Phillips Flashback: May 1921

Marjorie recalls that this painting hung in the library during her first visit to Duncan's home. Julian Alden Weir, Woodland Rocks, 1910-1919. The Phillips Collection

Marjorie Acker and the Gifford Beals visit the Phillips’s house in Washington, D.C. and see the Main Gallery and North Library hung with paintings.

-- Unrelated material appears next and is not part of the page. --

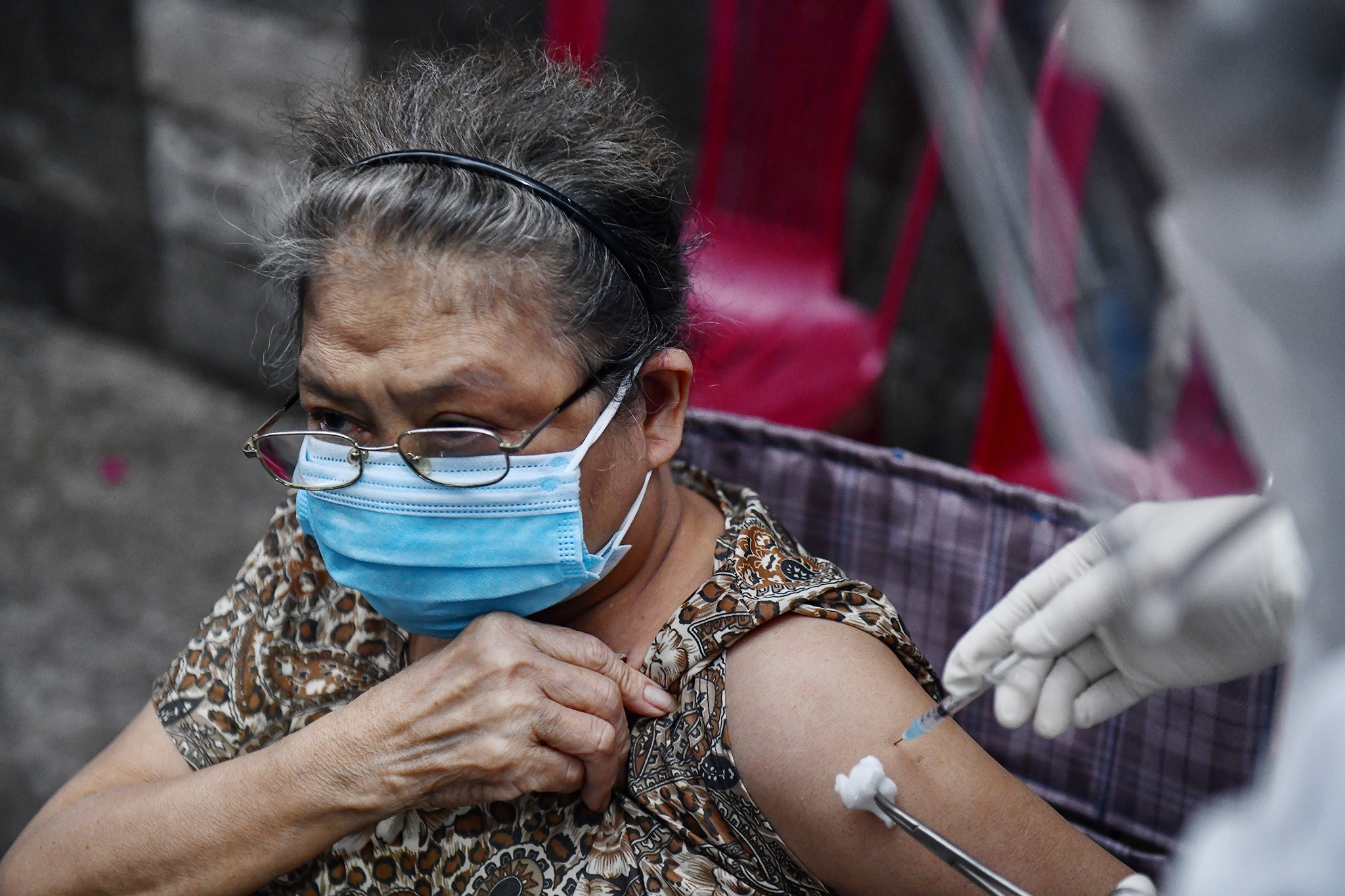 Khan hiem vaccine, Chinh phu can uu tien cho doi tuong rui ro nhat hinh anh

According to Duncan Phillips and his Collection (1970) by Marjorie Phillips, née Acker, Duncan wrote to her on May 14, 1921, about four months after they met in New York. He invited her and her “Uncle Giff’s” family to Washington “to see the collection installed.” She recollects the pleasure of waking in the morning and seeing Arthur B. Davies’s painting, Children, Dogs, and Pony, hanging by the bed. “Paintings everywhere!” she exclaims. Her impression of the neighborhood that would become her home, Dupont Circle, is of “a leisurely, almost southern village atmosphere, with hurdy-gurdies playing and men pushing their carts of fresh flowers or fruits, crying ‘Stra-a-berries’ in loud melodious voices.” Duncan and Marjorie were married in October of 1921, opening the collection to the public soon after.

Phillips Flashback: April 1927

Brochure for "An Exhibition of Expressionist Painters from the Experiment Station of the Phillips Memorial Gallery", The Baltimore Museum of Art, April 8-May 1, 1927. From The Phillips Collection Archives.

Two loan exhibitions open in Baltimore, Maryland: An Exhibition of Expressionist Painters from the Experiment Station of the Phillips Memorial Gallery (April 8–May 1, 1927) at The Baltimore Museum of Art, W. Mount Vernon Place, and American Themes by American Painters (April 12–May 3, 1927) at the Friends of Art, 8 East Pleasant Street.

In the first sentence of his essay for the catalogue of American Themes by American Painters, Duncan Phillips makes clear the argument behind his passionate collecting of American art: “This Exhibition […] is an answer to the charge that our painting is an imitation of the French.” The show contains works by truly American painters such as Charles Sheeler, John Sloan, and Charles Burchfield, among others.